エピソード6 手離すこと
暗夜 : 私は、捨てることが、出来ないのです。手離す力さえ、残されていません。掌や身体全体や私の心が、離れることを拒んでいるのです。
良心 : そうでしょうか…。今あなたは、なにかを手離したことに、気が付いて下さい。なにを手離したのでしょうか…。あなたは、今、捨てないことを選び、捨てることを手離していることに、改めて自覚して下さい。このことに気付くことにより、あなたは、すでに、たくさんの事柄を手離してきていることに、思いあたることでしょう。何かを選ぶということは、同時に、その何か以外を全て、手離しているのです。捨てているとも言えることが出来ます。捨てて、手離すと同時に、新たな何かを手に入れているのです。たとえ、手に持っているものが以前と、変わらなくても、そのものから受けとるニュアンスが変われば、それは、手離したことになり、それは、何かを手に入れたことになります。神は、いつも手離し続けている存在であることを知りなさい。手離すことで、自他を支える力が増し、尚のこと、継続力を与えていることに、気が付きなさい。

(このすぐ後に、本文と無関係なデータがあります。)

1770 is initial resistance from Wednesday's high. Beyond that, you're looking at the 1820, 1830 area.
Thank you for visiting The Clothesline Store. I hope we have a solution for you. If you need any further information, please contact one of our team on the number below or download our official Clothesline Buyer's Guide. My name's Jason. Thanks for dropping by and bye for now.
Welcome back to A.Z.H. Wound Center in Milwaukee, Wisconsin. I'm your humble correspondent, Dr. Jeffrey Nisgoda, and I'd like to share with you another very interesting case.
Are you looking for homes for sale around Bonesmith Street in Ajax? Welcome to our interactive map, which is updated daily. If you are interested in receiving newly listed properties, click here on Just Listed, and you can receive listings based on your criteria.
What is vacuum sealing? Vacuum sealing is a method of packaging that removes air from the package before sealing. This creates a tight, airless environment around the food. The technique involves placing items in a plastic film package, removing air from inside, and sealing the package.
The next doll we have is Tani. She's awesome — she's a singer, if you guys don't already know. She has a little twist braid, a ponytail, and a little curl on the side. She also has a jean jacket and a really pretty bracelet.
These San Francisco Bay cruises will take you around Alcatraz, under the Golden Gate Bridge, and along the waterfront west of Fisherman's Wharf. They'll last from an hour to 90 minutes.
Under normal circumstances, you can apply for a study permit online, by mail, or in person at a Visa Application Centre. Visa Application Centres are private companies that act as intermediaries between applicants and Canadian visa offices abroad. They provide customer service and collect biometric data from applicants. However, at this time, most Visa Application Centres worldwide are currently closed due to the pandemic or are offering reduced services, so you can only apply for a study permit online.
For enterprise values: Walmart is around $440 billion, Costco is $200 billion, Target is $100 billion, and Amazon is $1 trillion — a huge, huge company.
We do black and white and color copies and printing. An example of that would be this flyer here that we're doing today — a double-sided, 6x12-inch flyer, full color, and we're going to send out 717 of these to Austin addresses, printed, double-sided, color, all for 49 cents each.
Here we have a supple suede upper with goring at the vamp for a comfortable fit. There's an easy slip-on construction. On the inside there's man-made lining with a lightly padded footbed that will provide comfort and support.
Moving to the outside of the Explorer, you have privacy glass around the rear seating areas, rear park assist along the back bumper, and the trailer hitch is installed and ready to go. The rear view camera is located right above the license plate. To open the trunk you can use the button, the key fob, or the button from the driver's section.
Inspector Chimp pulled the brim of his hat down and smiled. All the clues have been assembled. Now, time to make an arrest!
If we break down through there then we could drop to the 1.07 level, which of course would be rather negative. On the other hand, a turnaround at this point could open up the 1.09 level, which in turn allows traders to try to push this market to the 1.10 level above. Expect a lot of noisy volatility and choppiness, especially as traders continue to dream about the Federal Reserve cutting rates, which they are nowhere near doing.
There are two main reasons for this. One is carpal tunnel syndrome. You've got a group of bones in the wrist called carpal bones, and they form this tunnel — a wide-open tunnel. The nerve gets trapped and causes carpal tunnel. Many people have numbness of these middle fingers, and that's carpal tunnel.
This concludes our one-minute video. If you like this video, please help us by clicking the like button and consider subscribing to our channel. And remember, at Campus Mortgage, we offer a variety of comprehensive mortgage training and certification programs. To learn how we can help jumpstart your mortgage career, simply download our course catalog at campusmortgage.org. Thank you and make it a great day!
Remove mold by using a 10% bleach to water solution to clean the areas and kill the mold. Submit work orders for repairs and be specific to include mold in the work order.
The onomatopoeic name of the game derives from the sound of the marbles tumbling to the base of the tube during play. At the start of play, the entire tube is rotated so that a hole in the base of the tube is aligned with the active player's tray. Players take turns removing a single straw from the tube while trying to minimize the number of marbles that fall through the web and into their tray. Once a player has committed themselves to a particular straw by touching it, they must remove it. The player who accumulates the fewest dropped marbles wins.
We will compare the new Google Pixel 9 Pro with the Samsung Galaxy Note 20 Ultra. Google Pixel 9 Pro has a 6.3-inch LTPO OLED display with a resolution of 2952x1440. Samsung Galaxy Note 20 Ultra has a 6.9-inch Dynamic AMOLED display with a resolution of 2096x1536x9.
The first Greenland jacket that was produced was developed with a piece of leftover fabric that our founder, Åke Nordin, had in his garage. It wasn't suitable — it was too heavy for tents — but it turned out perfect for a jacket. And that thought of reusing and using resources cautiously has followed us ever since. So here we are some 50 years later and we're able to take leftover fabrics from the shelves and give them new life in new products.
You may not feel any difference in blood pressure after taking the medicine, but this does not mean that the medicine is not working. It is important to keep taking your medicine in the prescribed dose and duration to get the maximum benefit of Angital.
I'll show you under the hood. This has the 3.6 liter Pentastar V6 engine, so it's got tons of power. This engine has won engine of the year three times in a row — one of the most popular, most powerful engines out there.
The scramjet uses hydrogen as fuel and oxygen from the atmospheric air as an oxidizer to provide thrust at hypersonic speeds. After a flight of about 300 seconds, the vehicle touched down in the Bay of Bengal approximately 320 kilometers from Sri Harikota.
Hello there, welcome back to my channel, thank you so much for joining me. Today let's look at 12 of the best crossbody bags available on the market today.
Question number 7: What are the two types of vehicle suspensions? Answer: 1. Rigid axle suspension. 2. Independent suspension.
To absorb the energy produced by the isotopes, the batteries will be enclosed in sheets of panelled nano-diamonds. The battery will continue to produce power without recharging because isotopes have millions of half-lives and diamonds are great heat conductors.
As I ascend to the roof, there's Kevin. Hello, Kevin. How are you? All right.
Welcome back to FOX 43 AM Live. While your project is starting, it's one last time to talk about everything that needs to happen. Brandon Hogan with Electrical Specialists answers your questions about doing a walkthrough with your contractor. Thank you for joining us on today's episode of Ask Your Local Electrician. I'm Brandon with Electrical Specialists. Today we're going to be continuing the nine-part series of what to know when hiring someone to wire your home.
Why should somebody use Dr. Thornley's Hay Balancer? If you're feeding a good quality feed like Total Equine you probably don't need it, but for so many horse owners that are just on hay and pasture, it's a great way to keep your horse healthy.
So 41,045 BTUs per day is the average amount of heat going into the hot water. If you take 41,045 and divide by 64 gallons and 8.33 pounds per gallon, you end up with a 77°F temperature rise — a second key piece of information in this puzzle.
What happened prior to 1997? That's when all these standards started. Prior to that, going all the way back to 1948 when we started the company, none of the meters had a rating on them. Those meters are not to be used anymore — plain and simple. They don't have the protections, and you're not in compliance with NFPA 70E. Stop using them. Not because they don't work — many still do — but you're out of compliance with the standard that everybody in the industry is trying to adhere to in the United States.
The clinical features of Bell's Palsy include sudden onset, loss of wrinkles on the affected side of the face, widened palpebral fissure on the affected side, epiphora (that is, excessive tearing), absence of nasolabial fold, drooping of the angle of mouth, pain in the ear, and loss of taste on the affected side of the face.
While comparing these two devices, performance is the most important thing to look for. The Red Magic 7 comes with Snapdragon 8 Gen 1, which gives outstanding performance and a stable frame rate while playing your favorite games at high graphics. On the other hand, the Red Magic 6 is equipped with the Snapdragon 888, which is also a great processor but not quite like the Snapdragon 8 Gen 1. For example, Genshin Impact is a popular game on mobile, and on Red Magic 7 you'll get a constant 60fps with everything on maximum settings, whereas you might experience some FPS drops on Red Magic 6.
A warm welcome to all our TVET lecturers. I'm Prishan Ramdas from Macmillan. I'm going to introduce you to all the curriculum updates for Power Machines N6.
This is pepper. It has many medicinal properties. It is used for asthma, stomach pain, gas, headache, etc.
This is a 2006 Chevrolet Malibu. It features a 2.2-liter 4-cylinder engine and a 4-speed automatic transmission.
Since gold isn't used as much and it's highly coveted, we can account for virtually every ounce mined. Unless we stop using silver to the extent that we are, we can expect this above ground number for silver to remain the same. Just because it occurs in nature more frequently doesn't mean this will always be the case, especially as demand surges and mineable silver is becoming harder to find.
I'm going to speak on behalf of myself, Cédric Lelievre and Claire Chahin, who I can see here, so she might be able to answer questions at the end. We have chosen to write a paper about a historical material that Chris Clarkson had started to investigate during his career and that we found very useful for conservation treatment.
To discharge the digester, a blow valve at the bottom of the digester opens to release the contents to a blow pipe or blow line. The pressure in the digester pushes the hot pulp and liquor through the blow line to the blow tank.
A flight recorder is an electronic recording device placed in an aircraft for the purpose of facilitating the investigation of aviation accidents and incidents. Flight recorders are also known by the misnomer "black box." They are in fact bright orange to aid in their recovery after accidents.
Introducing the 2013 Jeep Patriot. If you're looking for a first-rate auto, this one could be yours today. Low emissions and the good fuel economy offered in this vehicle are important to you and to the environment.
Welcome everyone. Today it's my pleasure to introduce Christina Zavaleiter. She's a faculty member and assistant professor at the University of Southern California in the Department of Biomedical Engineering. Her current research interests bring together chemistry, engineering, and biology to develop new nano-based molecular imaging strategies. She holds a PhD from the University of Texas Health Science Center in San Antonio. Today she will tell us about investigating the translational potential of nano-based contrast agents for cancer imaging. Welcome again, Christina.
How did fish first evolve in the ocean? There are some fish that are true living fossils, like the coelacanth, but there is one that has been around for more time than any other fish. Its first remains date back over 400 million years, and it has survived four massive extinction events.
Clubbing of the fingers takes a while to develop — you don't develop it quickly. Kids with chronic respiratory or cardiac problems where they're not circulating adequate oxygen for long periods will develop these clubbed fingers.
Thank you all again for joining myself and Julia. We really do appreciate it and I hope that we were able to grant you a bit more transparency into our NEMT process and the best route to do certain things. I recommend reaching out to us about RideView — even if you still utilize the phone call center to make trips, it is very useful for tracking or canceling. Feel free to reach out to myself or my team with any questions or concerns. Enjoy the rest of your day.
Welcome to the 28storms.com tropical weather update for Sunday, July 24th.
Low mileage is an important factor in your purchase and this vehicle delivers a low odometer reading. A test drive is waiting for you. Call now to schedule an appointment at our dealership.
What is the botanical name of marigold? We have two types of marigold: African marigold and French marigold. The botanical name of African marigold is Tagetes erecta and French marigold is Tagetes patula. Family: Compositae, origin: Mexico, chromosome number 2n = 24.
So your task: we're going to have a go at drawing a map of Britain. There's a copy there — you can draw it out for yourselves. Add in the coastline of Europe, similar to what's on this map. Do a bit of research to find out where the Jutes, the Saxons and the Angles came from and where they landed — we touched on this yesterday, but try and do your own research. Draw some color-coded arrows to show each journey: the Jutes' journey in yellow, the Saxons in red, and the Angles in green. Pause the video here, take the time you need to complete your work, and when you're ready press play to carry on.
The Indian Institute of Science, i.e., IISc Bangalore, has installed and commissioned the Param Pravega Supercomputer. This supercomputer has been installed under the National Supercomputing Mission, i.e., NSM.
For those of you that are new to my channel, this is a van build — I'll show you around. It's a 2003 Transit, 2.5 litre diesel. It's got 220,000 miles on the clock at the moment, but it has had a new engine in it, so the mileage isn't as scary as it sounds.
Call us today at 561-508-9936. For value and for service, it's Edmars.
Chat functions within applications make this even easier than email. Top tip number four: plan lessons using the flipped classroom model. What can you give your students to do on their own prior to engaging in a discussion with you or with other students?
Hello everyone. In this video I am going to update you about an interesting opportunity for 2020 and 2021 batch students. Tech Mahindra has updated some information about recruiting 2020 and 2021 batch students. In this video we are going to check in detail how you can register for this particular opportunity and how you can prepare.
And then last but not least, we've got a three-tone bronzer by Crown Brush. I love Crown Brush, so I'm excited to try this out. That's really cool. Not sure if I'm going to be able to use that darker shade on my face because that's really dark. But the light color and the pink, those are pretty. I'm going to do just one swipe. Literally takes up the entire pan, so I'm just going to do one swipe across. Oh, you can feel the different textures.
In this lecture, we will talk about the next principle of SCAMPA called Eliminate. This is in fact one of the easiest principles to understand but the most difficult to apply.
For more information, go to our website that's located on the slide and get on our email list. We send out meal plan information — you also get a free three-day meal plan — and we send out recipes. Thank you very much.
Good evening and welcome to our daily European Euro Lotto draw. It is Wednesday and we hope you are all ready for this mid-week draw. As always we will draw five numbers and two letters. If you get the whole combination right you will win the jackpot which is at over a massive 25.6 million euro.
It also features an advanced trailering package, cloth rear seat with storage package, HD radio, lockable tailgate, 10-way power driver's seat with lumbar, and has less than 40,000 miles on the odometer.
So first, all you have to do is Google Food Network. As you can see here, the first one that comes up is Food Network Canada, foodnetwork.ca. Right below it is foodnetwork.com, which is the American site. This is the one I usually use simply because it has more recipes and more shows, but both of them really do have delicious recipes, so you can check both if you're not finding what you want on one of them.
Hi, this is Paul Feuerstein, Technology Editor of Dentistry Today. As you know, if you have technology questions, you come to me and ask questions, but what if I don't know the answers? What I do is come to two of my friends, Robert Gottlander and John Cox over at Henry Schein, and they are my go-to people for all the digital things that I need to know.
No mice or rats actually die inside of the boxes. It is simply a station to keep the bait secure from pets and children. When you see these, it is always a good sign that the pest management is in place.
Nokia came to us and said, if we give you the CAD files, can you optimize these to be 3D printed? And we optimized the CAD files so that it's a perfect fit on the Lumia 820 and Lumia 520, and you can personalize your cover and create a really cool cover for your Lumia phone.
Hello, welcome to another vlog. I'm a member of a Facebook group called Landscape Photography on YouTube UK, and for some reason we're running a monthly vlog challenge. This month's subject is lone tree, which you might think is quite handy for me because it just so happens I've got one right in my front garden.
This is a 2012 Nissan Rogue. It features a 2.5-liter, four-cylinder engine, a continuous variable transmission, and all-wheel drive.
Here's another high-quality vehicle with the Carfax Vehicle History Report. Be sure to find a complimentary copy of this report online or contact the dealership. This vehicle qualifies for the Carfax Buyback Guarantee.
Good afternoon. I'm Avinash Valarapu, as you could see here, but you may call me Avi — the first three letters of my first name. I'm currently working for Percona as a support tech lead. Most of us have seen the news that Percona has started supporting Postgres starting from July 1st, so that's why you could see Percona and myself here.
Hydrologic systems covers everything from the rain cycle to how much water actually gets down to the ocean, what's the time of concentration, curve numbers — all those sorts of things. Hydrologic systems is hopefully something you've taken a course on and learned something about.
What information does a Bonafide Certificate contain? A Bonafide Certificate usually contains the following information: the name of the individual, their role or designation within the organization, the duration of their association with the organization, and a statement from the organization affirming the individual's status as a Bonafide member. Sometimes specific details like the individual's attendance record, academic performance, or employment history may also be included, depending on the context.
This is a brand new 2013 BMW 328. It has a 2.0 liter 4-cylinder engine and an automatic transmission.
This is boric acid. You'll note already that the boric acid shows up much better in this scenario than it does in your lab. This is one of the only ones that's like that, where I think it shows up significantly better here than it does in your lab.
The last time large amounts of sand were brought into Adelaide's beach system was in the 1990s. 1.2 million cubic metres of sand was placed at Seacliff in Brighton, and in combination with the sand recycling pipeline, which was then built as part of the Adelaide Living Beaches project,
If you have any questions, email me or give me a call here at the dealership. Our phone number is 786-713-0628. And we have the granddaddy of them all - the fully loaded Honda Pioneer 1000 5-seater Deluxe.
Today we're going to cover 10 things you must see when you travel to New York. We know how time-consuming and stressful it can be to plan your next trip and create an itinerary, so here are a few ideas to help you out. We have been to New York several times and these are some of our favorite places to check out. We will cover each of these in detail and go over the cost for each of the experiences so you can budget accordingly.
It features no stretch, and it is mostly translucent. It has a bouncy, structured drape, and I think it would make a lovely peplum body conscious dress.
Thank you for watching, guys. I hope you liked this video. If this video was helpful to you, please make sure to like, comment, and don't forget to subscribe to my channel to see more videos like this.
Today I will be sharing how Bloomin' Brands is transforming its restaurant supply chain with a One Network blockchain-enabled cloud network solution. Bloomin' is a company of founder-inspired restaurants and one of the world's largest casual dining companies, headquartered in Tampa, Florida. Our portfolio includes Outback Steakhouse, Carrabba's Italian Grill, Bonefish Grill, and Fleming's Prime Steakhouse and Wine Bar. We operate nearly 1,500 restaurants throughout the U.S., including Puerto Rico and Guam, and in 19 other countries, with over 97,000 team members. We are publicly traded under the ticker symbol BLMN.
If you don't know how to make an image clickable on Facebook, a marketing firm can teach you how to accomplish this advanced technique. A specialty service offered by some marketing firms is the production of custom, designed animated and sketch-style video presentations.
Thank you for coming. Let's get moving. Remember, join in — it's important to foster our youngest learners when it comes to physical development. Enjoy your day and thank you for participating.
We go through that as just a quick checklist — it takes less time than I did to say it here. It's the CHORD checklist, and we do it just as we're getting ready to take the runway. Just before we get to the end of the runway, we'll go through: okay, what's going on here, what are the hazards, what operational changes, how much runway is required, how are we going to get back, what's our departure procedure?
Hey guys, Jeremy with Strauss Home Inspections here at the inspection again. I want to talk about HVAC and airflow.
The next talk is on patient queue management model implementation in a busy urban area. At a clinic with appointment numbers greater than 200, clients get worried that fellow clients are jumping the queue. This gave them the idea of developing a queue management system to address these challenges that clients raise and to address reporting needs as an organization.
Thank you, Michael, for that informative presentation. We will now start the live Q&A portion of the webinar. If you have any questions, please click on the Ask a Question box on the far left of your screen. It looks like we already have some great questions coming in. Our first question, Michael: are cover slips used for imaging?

神は愛と光であり、愛と光が神です。愛と光とは自由であり、自由とは平和であり、平和とは喜びであり、喜びとは生命の本質であります。このようなことを修得する為に、人生の起こる出来事として、一人一人が体験させて頂いております。出来事こそが、神からの恵みであり、私達の魂が親であられる神への帰還への道のりであり、聖なる帰途なのです。私達人類は、地球学校で共に学んでいる生徒であり、共に歩んでいる同胞であり、日々の出来事や体験こそが教材であり、レッスンなのです。「体験に勝る教師はありません」という諺がありますが、体験や出来事という教材や恵みを与えるのが愛と光の神です。愛と光とは「ある」ことなのです。「ある」ということを実現させ続けるには、神のように、手離し続けなさい。手離し続けた先には、神の子である魂と神との婚姻である、合一が待っていることでしょう。あのイエス・キリストのように、神と共に、愛と光のまことの幹であり、架け橋へと、私達一人一人の魂も成熟していくことでしょう。これこそが本当の実りということです。
暗夜 : 手離している自身がいるという事実が、畏れ多く、怖くて怖くて仕方がありません。神の御業の一部となることが、申し訳なくて、仕方ありません。
良心 : 安心しなさい。それを手離し初めたので初期衝動として、畏れが起き、敬う心が目覚め、神の権威と御力に触れることが叶ったのです。手放すとは、実は、委ね続けることでもあるのです。ベッドに横たわるように、安心して委ね続けなさい。神の柔らかく、優しい愛の翼である羽毛に包まれて下さい。そのとき、恐れや不安が入ってこれなくなります。生命の本質である、喜びに立ち還るからです。愛する愛する我が子をたおやかに抱擁するとき、神や天の国では、涙が流れるほど喜びが湧き起こることを感じて下さい。その度に、この全世界は輝き、祝福の鐘の福音がとこしえからとこしえに響き渡ります。親である神の元に、愛する愛する我が子が還ってくる以上の、喜びはありません。何事も、どんな人とも相互的でありなさい。互いに愛し合うとき、この神の喜びの涙を想起することでしょう。